Из жизни Юрия Олеша. Часть 5
Из жизни Юрия Олеша.
Материал фильма монтировался, когда к работе привлекли Олешу. На экране он увидел матросский десант, берега родного Черного моря, которые были сняты на Каспии, милый его сердцу рыбацкий быт, так напомнившие Одессу. Он должен был писать диалоги. Но, как говорил оператор фильма А. Мишурин, Олеше казалось, что в материале чего-то не хватает. Потом Олеша понял: "Нужна морская задушевная песня..."
И слова, написанные им, легли на тревожные военные кадры, рассказывающие о подвиге матроса и юного рыбака: "Не надейся, рыбак, на погоду, а надейся на парус тугой, не любуйся на синюю воду, острый камень лежит под водой. Мать родная тебя не обманет, а обманет туман голубой. Не надейся, рыбак, на погоду, а надейся на парус тугой..."
В ежедневных записях Олеши есть воспоминания о том, как в революционной Одессе двое матросов обратились к нему, назвав свойским и добрым словом "Братишка!". "Когда мне бывает на душе плохо, - записал Олеша, - я вспоминаю, что именно этот окрик трепетал у меня на плече: "Братишка!.."
Так могли его назвать и в доме № 10 по улице Ленина - там, в центральном зале депеш ЮгРОСТА проходили выпуски устной газеты, где рядом с другими товарищами, выступавшими под рубриками "Передовая статья", "Последние радиотелеграммы", "Обзор иностранной печати", "По губернии", "Местная хроника", "Вопросы продовольствия", "Фельетон" ("тов. Багрицкий"), выступал и "тов. Олеша", представляя рубрику "Стихи".
Вот сообщение об этом - номер одесской газеты "Известия губернского революционного комитета", отпечатанный в феврале 1921 года на одной стороне тонкой желтоватой бумаги. На одной стороне - потому что печаталась газета в дни бумажного голода на обороте неразрезанных листов табачных бандеролей.
Так могли его назвать и в доме № 11 по Пушкинской улице, куда в инструкторский отдел ОдукРОСТА его вместе с другими газетными работниками вызывали объявлением в одесских "Известиях" - серая, толстая, почти оберточная бумага с такой нечеткой печатью, что многие слова не прочитываются, а с трудом угадываются...
Его любили, уважали, перед ним преклонялись самые разные люди. Вот слова поэта Ярослава Смелякова: "Он был, как и Маяковский, моим романтическим героем. Мне страстно хотелось быть похожим и на Маяковского, и на него".
Кинодраматург Евгений Габрилович писал: "Он был повелителем странного мира - реального, вещного, но словно бы пропущенного сквозь некую призму, излучающую гротескный, неясный, трепещущий, измененный авторским глазом свет".
Футболист Андрей Старостин относил Юрия Олешу "к разряду тех людей, перед которыми всегда хочется отчитаться и спросить совета.
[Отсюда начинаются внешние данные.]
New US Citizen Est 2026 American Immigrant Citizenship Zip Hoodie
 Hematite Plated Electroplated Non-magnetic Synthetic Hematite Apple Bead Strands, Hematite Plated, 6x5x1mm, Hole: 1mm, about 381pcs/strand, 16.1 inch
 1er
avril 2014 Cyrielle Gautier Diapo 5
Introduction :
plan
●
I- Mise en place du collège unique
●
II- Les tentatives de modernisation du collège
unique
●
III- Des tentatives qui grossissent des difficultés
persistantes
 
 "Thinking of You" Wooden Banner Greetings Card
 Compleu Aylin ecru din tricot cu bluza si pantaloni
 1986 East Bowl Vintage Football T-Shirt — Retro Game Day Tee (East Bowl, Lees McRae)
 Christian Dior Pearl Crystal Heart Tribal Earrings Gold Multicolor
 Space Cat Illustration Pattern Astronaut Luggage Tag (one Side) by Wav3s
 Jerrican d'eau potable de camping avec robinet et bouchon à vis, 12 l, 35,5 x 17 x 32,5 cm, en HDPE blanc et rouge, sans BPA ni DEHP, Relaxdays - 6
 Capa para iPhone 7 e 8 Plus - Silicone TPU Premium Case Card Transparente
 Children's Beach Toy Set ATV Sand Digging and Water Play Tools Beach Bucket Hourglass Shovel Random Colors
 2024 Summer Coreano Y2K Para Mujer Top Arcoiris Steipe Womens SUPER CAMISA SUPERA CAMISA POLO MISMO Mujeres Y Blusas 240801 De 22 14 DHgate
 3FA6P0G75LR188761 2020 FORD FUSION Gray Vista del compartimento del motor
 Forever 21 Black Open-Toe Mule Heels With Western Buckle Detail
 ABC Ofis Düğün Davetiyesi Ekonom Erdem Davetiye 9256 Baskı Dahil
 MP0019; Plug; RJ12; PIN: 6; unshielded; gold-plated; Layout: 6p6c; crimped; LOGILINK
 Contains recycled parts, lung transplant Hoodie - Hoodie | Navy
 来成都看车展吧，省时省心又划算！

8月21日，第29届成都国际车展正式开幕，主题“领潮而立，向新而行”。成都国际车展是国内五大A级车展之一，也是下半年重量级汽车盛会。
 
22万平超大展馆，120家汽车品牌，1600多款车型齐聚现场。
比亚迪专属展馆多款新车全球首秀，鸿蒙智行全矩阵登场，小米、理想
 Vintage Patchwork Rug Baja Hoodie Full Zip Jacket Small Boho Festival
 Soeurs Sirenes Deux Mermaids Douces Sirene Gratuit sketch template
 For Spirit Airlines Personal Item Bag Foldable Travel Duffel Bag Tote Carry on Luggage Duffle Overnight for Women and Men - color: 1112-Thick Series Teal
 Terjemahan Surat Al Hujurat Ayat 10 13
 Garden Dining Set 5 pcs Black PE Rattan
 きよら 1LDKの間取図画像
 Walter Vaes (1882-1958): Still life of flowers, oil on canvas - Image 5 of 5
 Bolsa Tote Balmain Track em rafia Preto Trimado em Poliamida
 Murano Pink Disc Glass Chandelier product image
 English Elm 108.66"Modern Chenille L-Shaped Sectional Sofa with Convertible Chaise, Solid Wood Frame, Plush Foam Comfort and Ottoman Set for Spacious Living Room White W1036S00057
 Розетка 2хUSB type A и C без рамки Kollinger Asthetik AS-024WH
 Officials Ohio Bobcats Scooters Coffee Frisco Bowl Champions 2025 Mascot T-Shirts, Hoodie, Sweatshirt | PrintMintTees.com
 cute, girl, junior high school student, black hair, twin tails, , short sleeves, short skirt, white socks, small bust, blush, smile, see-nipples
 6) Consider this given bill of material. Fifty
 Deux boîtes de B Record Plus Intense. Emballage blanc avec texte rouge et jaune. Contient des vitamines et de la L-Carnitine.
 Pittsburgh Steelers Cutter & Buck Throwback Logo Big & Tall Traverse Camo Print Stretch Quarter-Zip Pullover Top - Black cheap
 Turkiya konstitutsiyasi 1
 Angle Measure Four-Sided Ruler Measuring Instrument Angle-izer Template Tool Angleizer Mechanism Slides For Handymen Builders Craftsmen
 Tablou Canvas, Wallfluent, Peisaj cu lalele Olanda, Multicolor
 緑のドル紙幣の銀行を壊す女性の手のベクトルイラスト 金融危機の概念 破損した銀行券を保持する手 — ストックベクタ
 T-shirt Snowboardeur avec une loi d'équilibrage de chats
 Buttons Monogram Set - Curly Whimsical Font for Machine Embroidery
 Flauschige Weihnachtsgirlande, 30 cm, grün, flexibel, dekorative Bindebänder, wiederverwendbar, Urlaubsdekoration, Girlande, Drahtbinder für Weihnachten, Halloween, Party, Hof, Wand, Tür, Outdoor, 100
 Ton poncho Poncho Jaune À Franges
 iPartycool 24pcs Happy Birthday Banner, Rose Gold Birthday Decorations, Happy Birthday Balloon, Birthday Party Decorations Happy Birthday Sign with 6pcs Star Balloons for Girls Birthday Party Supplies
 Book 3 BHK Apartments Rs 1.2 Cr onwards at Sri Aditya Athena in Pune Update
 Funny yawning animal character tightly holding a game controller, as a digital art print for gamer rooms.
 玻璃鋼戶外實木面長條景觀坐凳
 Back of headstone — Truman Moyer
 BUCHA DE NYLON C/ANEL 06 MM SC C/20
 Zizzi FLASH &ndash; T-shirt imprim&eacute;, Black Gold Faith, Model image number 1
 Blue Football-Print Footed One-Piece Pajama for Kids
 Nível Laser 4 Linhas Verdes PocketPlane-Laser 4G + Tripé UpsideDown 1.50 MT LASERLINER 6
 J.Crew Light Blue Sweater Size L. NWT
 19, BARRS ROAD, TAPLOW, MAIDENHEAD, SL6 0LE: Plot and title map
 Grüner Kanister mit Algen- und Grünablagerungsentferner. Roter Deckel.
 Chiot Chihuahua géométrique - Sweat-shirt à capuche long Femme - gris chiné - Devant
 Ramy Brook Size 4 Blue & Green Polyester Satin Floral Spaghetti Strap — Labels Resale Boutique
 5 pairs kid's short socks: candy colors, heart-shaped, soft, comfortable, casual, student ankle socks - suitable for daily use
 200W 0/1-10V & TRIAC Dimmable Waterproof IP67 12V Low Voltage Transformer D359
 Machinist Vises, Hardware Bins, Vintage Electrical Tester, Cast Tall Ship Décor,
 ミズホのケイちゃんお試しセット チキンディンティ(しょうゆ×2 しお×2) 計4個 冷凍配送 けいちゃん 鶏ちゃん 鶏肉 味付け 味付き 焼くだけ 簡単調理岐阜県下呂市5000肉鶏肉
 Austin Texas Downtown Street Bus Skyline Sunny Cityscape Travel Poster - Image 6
Это как суд для собственной совести..."
К старости Олешу все чаще посещали одни и те же сны: "видения загородных местностей, ландшафтов несравненной, как бы покинувшей полотна Веронезе красоты..."
Венецианский художник эпохи Возрождения Веронезе - это солнечный свет, голубое теплое небо, здания с классическими колоннадами и арками, яркий жизнерадостный колорит. Как это напоминает краски памятных Олеше одесских пейзажей. Да и сам он хорошо знал точный адрес этого своего "поэтического кинематографа" - "...мне кажется, что если поискать как следует, то я найду эту местность где-то в районе Обсерваторного и Стурдзовского переулков в Одессе..." - точный адрес родины, которая дала ему счастье жизни и счастье творчества.